Saber perdoar

Eram tempos difíceis. Após o governo de Getúlio Vargas, na 2ª Guerra Mundial, assumir posição junto aos aliados, começaram em alguns lugares do Brasil perseguições aos alemães residentes no país e a alguns brasileiros de origem germânica, considerados como intrusos ou inimigos.
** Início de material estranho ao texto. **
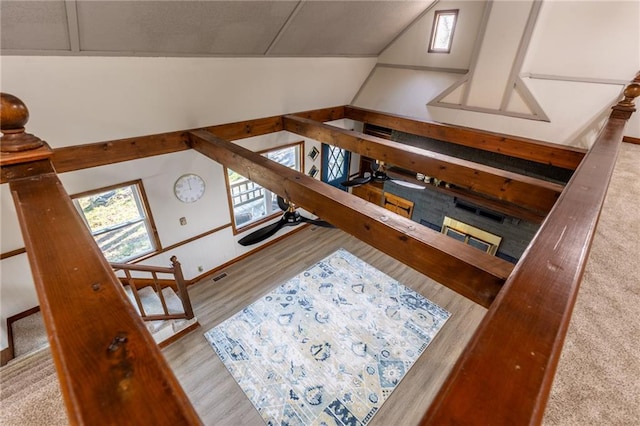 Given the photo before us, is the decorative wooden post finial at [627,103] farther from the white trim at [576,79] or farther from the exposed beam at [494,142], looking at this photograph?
the white trim at [576,79]

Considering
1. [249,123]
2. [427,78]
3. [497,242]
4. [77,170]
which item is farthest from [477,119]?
[77,170]

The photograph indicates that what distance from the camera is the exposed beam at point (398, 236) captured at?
4.43ft

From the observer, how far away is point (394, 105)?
551 cm

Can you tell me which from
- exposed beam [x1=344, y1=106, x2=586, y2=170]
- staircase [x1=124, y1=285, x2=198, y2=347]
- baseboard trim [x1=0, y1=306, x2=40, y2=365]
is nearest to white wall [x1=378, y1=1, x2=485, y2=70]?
exposed beam [x1=344, y1=106, x2=586, y2=170]

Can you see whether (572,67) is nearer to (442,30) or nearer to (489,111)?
(489,111)

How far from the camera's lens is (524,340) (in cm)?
60

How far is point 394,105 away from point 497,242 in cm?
346

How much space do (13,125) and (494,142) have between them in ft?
15.8

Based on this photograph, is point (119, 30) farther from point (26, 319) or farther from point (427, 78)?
point (427, 78)

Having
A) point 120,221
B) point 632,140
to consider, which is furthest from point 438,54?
point 120,221

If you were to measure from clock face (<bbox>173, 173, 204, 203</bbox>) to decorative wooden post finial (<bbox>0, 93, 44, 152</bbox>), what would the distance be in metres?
3.63

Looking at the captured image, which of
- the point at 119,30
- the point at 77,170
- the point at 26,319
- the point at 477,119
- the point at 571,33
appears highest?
the point at 571,33

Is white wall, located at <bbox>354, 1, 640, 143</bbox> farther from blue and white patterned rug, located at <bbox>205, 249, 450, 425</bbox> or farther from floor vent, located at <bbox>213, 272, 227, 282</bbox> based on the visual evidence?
floor vent, located at <bbox>213, 272, 227, 282</bbox>

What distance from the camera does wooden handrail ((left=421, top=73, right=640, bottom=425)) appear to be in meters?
0.47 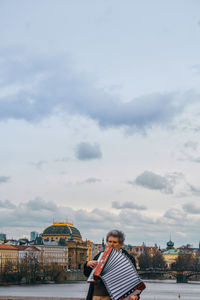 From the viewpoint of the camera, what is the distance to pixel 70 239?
6624 inches

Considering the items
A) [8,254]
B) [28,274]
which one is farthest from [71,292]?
[8,254]

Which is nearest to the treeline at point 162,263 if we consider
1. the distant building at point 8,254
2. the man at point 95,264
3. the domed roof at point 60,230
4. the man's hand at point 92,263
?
the domed roof at point 60,230

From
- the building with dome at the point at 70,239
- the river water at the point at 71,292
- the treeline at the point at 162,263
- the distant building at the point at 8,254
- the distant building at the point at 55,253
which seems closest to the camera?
the river water at the point at 71,292

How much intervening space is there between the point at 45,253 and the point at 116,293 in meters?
149

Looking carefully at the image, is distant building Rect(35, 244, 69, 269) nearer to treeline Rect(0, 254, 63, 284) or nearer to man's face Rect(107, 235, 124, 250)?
treeline Rect(0, 254, 63, 284)

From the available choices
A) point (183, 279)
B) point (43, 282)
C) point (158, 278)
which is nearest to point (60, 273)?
point (43, 282)

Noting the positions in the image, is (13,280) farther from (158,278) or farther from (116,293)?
(116,293)

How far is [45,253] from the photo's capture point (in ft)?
500

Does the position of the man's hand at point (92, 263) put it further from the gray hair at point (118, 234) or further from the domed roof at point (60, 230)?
the domed roof at point (60, 230)

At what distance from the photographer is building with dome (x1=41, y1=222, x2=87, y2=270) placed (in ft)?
529

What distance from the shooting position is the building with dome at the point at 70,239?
161 m

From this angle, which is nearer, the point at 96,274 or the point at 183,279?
the point at 96,274

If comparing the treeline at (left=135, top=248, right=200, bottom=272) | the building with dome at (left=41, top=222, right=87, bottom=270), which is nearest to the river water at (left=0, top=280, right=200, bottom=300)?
the building with dome at (left=41, top=222, right=87, bottom=270)

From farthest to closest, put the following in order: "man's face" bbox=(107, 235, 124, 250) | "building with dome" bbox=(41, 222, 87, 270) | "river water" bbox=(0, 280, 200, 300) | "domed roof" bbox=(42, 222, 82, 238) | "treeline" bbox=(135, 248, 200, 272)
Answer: "domed roof" bbox=(42, 222, 82, 238), "treeline" bbox=(135, 248, 200, 272), "building with dome" bbox=(41, 222, 87, 270), "river water" bbox=(0, 280, 200, 300), "man's face" bbox=(107, 235, 124, 250) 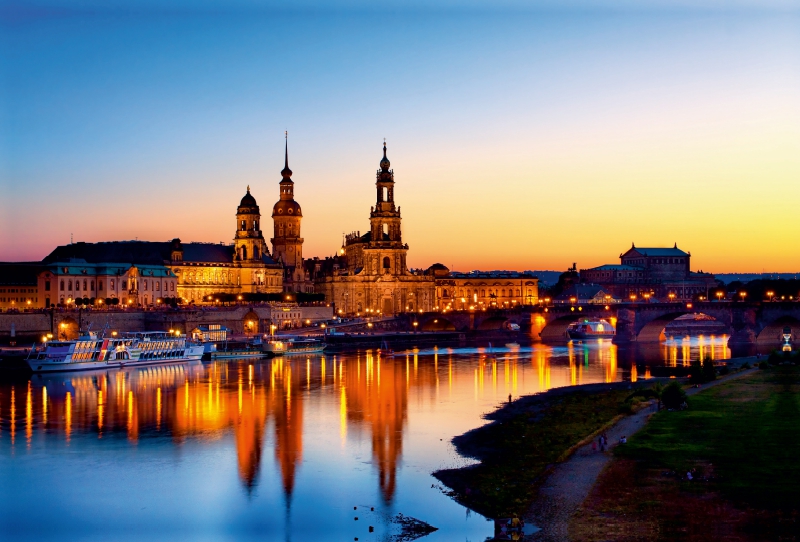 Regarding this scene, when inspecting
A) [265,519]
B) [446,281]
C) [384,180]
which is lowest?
[265,519]

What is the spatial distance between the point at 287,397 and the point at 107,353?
A: 30984 millimetres

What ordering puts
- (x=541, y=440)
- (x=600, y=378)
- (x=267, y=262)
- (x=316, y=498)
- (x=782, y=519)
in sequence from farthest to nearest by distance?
1. (x=267, y=262)
2. (x=600, y=378)
3. (x=541, y=440)
4. (x=316, y=498)
5. (x=782, y=519)

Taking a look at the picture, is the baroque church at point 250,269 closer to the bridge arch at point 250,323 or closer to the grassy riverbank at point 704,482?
the bridge arch at point 250,323

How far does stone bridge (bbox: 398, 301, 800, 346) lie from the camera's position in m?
119

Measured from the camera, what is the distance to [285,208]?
154 meters

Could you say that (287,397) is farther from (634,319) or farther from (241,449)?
(634,319)

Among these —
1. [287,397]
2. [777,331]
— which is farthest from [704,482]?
[777,331]

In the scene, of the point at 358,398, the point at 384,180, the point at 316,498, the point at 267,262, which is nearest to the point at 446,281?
the point at 384,180

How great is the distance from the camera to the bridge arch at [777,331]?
383ft

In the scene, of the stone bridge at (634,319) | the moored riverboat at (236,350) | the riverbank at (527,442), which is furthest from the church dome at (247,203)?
the riverbank at (527,442)

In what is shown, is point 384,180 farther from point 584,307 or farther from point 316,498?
point 316,498

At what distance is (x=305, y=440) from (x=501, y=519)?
1800 cm

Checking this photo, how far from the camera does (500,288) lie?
183m

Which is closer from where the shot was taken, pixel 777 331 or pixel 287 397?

Helmuth sempre fora um batalhador, respeitado na pequena comunidade do interior do Rio Grande do Sul pelas suas habilidades manuais e sua presteza. Adorava o serviço de ferreiro, profissão que lhe dava o seu sustento e de sua família, composta da esposa e duas filhas pequenas.

A explosão da guerra na Europa exacerbou o ódio entre conterrâneos de origens diferentes. O delegado do pequeno distrito, aproveitando-se da turbulência causada pelo conflito, externou seu autoritarismo frente a pessoas que não gostava, utilizando as prerrogativas da segurança nacional para prender e maltratar supostos nazistas como espiões do governo alemão.

Entre eles encontrava-se Helmuth, filho de alemães, homem de idéias firmes, mas longe de ser simpatizante do regime totalitário alemão ou de seus líderes.

Helmuth passou longo tempo na prisão sofrendo torturas atrozes e humilhações, enquanto sua família passava por necessidades para sobreviver sem a presença do pai. Depois desse período, ele foi solto por falta de provas, mas já não era mais o mesmo homem. Sentia-se enfraquecido, doente e com poucos recursos para recomeçar a vida. Mesmo assim, não perdeu a vontade de viver e trabalhar.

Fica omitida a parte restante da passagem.